Defendendo a integração deste tema nos currículos das faculdades de enfermagem, teologia e outras áreas, o padre Jorge Vilaça alertou para o risco da sociedade, apesar de ser bombardeada diariamente com imagens da morte nas notícias e em programas sensacionalistas, evitar falar sobre o fim da vida de maneira construtiva e responsável.

O sacerdote aludiu ainda para a prática da distanásia, que permite prolongar a vida de um doente incurável, através de meios artificiais.

“O problema não é a eutanásia, mas a distanásia, que faz com que, muitas vezes, se insista em tratamentos agressivos, como a quimioterapia, sem considerar o sofrimento e a qualidade de vida da pessoa. Quando já se deveria estar em cuidados paliativos, há uma obstinação terapêutica que só prolonga o sofrimento», explicou.

O padre Jorge Vilaça referiu-se ainda à «deslugarização da morte», afirmando que esta não pode ser simplesmente transferida do ambiante familiar para o hospital ou para uma unidade especializada sem um acompanhamento humanos adequado.

“A morte não é uma questão de lugar físico, mas sim de estar rodeado de pessoas que apoiam o doente e a sua família no processo. É preciso criar lugares onde as pessoas se sintam bem, onde possam continuar a realizar os seus projetos de vida, mesmo sabendo que estão a morrer», defendeu, acrescentando que os cuidados paliativos devem ser integrados na comunidade, e não isolados em unidades específicas.

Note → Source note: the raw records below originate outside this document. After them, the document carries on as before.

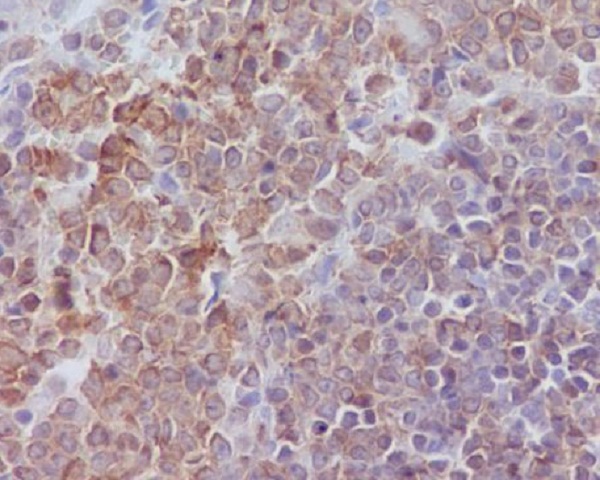 Anti-SHP1 Rabbit pAb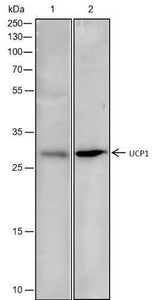 Anti-Rat/Mouse UCP1 Antibody [A385]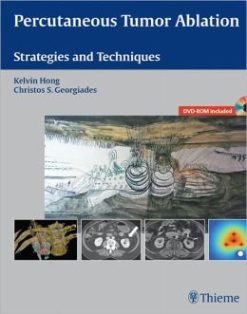 Percutaneous Tumor Ablation: Strategies and Techniques (ORIGINAL PDF from Publisher)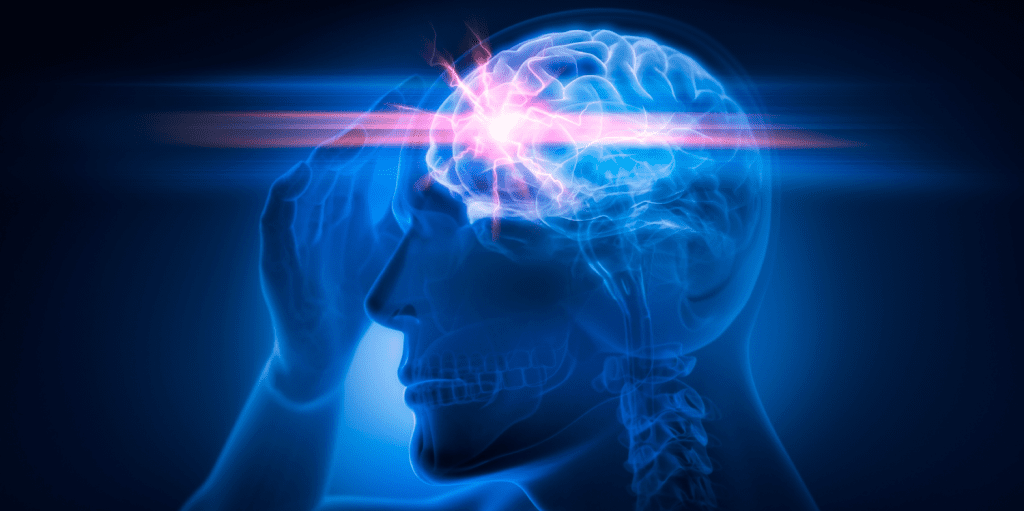 Brain Scan for Anxiety: Powerful Insights for Mental Health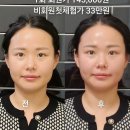 흥덕중앙로 5 | 용인 에스테틱 용인피부관리 로 80분만에 드라마틱한 비포 앤 애프터 리저브미 윤곽후기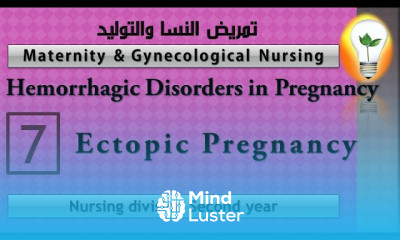 Maternity Nursing 7 Ectopic Pregnancy الحمل خارج الرحم 2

Na abertura do encontro, o professor João Duque, da Faculdade de Teologia da UCP Braga, abordou três dimensões da vida humana, a física, a social e a  pessoal, referindo que os cuidados paliativos devem considerar o doente em todas as suas vertentes, preservando a sua dignidade até ao último momento de vida.

«A pessoa é digna até o fim, mesmo quando perde capacidades físicas e não pode mais participar da vida social», sublinhou o docente.

O encontro decorreu durante todo o dia, com várias comunicações de profissionais da saúde e outros especialistas ligados ao tema.